Abstract
This defensive publication discloses a runtime architecture for anonymous, unauthenticated public large-language-model (LLM) surfaces — the "ask a question" box on a marketing website, a public demo endpoint, an embedded help widget — that simultaneously preserves token-by-token streaming user experience and enforces an absolute zero-leak output-safety guarantee. The core mechanism is hold-then-release: the final model answer is streamed from the inference backend into an in-process delta buffer and is never forwarded to the client during generation; output safety executes against the fully assembled answer text; only a clean (or explicitly flagged-but-tolerated) verdict causes the buffered deltas to be replayed to the client in their original chunk granularity.
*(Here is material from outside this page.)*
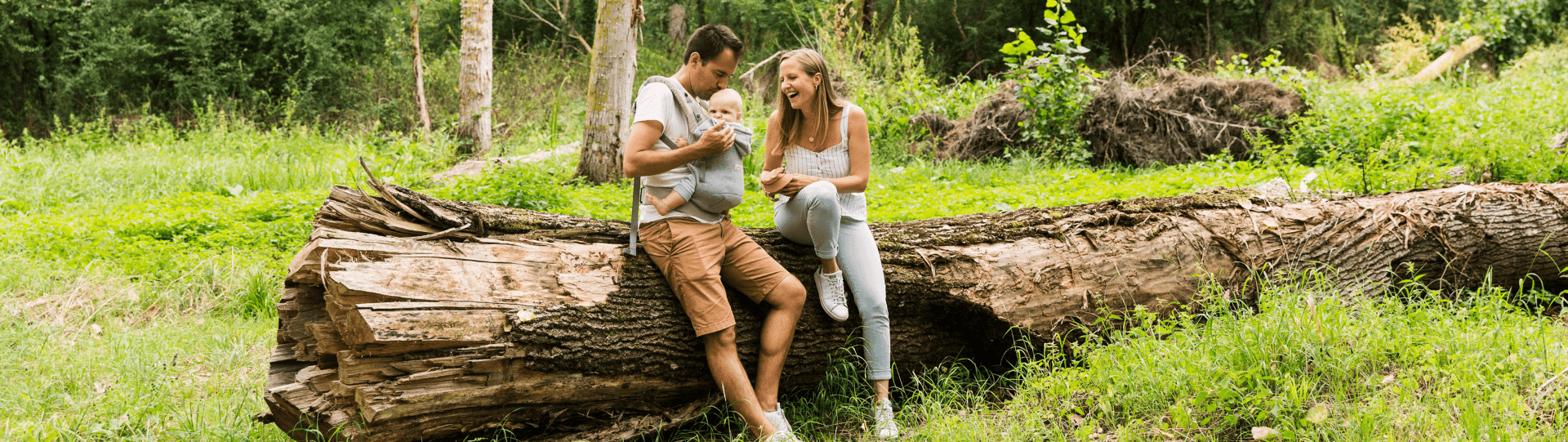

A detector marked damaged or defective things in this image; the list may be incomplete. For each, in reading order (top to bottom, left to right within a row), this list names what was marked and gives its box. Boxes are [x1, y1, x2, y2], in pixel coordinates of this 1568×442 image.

A blocked answer therefore leaks exactly zero tokens, while a clean answer is visually indistinguishable from naive pass-through streaming. Around this core sit three further disclosed elements: (1) a dual-lane classifier — a deterministic regex pre-filter and a neural content-safety classifier of the Llama-Guard class — run concurrently on both the input and the output and fused by a confidence-thresholded three-outcome lattice (block / flag-and-proceed / pass); (2) a provenance-complete abuse-harvest lane that writes every blocked or flagged turn as a labelled training row carrying a four-way verdict, forming a self-replenishing retraining corpus; and (3) an inverted failure posture in which all safety components are strictly soft-fail and availability is governed by a single fail-closed database kill switch, with an unconditional bot-challenge gate on the first message of every conversation. The publication is enabling: it includes data models, control flow, worked examples, and a clean-room reference implementation.
Creative Commons License

This work is licensed under a Creative Commons Attribution 4.0 License.
Recommended Citation
Assuncao, gustavo matthew, "Hold-Then-Release Safety-Gated Streaming with Dual-Lane Classification and Abuse-Sample Harvesting for Anonymous Public LLM Surfaces", Technical Disclosure Commons, (July 13, 2026)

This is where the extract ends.